夢の実現には失敗も付き物ですが、たいていの人は失敗しない言い訳として、「どうせ無理」と言って何もやらず、その結果、自信をなくしてしまいます。不安から、自分より弱い存在を見つけて安心感を得ようとしていじめが生まれ、それが社会に連鎖し、最も弱い立場にある子供への虐待につながります。だから僕は、子供が無限の可能性に気づき、自信を持ってもらおうと、自ら小型ロケットを工作し、発射する体験プログラムを全国で行っています。人の自信と可能性が奪われない社会をつくりたい。それが今の僕の夢です。

日本は今、人口が減り続け、物が売れなくなっています。
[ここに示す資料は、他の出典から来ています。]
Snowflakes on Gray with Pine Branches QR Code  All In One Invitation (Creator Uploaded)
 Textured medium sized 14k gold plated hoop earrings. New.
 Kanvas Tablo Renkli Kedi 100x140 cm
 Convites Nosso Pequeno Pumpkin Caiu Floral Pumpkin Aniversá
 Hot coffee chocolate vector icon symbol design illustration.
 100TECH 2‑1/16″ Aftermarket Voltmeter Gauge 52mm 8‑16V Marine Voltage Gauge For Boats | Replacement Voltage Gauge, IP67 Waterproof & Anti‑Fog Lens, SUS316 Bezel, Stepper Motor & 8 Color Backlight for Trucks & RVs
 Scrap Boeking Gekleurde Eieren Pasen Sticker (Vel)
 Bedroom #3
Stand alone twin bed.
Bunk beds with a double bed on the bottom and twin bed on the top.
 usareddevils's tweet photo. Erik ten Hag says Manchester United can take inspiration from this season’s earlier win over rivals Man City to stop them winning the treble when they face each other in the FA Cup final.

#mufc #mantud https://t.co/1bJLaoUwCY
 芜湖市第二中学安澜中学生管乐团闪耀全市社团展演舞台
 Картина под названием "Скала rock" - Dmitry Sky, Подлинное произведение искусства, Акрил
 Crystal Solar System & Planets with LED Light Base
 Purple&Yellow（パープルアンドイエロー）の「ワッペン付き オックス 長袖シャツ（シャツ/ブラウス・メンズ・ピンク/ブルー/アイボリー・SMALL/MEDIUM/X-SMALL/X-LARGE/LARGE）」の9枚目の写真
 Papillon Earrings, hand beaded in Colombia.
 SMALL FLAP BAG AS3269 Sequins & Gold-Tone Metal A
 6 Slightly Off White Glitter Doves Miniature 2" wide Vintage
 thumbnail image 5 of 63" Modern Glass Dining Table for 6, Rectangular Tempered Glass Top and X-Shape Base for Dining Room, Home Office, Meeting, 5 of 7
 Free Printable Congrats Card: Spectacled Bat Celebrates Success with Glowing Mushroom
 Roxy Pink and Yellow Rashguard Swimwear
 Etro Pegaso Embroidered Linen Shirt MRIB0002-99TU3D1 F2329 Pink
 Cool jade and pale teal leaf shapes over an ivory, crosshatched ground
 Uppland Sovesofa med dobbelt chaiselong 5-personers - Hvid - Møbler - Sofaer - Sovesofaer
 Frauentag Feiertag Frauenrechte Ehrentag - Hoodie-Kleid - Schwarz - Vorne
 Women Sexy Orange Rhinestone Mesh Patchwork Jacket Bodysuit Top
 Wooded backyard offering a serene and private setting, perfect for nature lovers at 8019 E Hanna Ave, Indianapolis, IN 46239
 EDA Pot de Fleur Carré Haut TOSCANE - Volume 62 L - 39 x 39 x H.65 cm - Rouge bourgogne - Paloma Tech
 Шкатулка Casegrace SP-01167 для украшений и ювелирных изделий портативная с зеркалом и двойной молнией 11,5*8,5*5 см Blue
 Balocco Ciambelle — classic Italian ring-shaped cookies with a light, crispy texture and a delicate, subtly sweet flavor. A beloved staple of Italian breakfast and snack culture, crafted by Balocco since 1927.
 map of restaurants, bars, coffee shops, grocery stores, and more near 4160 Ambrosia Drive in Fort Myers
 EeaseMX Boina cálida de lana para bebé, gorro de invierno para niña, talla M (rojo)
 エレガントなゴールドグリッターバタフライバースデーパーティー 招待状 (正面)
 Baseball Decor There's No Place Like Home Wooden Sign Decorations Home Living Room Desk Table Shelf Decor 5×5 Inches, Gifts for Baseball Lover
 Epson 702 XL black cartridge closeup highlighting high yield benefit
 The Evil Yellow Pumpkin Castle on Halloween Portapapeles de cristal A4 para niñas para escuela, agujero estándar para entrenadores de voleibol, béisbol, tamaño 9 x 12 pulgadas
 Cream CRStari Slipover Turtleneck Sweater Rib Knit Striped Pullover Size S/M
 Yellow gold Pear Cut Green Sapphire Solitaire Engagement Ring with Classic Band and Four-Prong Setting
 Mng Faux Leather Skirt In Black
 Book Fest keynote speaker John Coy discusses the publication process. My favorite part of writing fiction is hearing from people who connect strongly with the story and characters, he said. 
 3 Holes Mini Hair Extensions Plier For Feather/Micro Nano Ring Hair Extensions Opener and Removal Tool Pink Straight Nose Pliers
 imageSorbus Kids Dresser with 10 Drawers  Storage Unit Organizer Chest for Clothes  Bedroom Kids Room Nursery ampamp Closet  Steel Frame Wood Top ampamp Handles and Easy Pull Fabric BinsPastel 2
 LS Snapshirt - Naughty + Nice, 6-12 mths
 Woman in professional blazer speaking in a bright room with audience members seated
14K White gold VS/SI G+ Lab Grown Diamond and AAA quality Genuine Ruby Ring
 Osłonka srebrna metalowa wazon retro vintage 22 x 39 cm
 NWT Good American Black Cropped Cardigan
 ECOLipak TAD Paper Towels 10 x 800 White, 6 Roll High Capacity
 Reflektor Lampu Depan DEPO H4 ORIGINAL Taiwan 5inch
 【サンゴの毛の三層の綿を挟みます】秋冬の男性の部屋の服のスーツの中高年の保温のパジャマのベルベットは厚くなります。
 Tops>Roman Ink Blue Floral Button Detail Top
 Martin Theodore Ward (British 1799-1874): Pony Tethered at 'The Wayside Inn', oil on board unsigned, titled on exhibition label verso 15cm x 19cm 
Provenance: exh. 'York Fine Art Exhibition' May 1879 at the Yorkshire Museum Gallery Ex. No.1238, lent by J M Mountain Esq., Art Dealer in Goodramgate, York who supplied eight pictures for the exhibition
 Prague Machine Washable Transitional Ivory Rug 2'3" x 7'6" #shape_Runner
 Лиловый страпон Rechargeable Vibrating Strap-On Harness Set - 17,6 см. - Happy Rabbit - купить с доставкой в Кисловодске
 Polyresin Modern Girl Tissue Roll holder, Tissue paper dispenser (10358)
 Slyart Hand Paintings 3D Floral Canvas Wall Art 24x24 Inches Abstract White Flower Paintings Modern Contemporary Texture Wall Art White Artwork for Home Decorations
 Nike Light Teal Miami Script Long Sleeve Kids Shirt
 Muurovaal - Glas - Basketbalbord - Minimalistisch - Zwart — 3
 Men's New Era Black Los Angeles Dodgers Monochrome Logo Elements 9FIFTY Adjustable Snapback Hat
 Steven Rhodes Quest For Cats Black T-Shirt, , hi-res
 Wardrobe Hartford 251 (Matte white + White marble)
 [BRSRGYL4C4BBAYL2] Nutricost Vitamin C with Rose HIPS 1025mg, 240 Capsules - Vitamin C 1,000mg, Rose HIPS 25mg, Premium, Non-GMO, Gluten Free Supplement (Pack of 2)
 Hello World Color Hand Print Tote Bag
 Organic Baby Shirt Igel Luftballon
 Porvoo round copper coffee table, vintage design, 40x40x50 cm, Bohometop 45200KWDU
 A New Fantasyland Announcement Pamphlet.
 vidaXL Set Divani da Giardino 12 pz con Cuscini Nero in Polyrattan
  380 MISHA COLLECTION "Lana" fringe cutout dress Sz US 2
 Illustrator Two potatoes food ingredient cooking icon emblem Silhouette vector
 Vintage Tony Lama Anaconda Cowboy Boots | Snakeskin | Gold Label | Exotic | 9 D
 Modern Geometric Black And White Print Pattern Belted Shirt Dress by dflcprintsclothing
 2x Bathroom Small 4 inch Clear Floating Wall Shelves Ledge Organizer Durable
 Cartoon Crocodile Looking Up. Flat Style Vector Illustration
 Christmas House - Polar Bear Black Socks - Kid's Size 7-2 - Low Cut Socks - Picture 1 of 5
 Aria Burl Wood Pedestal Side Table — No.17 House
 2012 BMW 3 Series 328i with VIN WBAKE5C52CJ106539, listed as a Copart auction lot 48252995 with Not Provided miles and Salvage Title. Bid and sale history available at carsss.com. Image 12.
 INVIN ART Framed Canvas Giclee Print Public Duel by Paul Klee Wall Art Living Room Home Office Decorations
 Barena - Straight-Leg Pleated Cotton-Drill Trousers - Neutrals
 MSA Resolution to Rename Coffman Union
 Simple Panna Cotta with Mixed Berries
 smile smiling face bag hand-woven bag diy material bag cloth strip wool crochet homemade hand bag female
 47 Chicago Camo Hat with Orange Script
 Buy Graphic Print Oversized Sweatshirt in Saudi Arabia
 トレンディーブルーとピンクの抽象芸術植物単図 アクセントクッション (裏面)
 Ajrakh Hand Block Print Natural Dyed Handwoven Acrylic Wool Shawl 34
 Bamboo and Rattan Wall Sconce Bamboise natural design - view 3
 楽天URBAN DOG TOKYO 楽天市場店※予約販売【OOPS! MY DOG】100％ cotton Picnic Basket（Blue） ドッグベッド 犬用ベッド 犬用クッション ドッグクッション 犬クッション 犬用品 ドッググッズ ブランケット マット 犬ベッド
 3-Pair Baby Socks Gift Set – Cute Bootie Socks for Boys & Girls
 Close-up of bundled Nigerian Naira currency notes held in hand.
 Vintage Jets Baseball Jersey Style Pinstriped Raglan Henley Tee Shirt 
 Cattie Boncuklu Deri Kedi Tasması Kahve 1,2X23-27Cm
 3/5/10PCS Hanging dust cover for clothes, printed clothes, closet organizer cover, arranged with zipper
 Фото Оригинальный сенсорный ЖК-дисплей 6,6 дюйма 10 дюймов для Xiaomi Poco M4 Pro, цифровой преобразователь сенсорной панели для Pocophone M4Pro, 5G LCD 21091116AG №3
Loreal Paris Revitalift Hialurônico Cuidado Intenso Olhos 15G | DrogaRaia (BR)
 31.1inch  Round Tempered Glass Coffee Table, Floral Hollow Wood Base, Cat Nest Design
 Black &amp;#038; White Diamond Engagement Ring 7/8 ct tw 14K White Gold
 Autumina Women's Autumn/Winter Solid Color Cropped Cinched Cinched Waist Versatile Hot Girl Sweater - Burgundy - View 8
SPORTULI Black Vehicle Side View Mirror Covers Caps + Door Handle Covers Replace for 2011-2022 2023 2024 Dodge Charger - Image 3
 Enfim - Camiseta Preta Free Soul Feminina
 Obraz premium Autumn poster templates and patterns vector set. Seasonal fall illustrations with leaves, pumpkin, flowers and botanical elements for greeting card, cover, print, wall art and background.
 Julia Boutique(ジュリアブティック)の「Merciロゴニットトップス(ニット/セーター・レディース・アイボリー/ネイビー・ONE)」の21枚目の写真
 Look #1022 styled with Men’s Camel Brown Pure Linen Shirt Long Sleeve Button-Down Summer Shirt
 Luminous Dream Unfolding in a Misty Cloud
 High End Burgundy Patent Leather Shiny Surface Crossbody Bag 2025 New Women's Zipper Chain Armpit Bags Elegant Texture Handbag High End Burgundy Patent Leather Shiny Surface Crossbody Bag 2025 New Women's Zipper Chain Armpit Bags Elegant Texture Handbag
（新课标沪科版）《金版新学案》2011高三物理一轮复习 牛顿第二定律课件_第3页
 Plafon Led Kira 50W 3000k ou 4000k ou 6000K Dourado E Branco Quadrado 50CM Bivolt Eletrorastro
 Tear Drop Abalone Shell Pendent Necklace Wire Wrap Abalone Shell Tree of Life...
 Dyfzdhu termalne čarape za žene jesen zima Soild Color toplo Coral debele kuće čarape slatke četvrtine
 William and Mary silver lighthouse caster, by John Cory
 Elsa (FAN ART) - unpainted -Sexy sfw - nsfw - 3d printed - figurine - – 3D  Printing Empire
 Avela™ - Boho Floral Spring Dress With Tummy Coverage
AI(人工知能)の登場で仕事もなくなるかもしれません。でも、世の中の不便や困難を自分の大好きな夢と結び付けてどう解決するかと考えたら、そこから新しい仕事が生まれます。

教育現場や家庭などで子供が夢を見つけた時、「どうせ無理」とは言わないで、「だったらこうしてみたら?」というアドバイスと共に、人脈の限りを尽くし、夢を実現した人を探して会わせてあげてください。関連する書物を一緒に探しても良いです。そうすれば、子供は夢を諦めずに済むのです。未来の社会を築いてくれる子供たちと一緒に、ぜひとも夢に近づいてほしいと思います。

(2月5日に開催された「全国教育者習学の集い」から)

プロフィル

うえまつ・つとむ 1966年、北海道生まれ。小さい頃から紙飛行機が大好きで、大学で流体力学を専攻。名古屋の航空宇宙産業で働いた後、北海道に戻り、株式会社植松電機を起業した。現在、さまざまな宇宙開発に関わりながら、全国の大学生や研究者を技術的にサポートするほか、人の自信と可能性が奪われない社会を目指して、全国の学校で講演やロケット教室も行う。著書は、『不安な時代に踏み出すための「だったらこうしてみたら?」』(PHP研究所)など多数。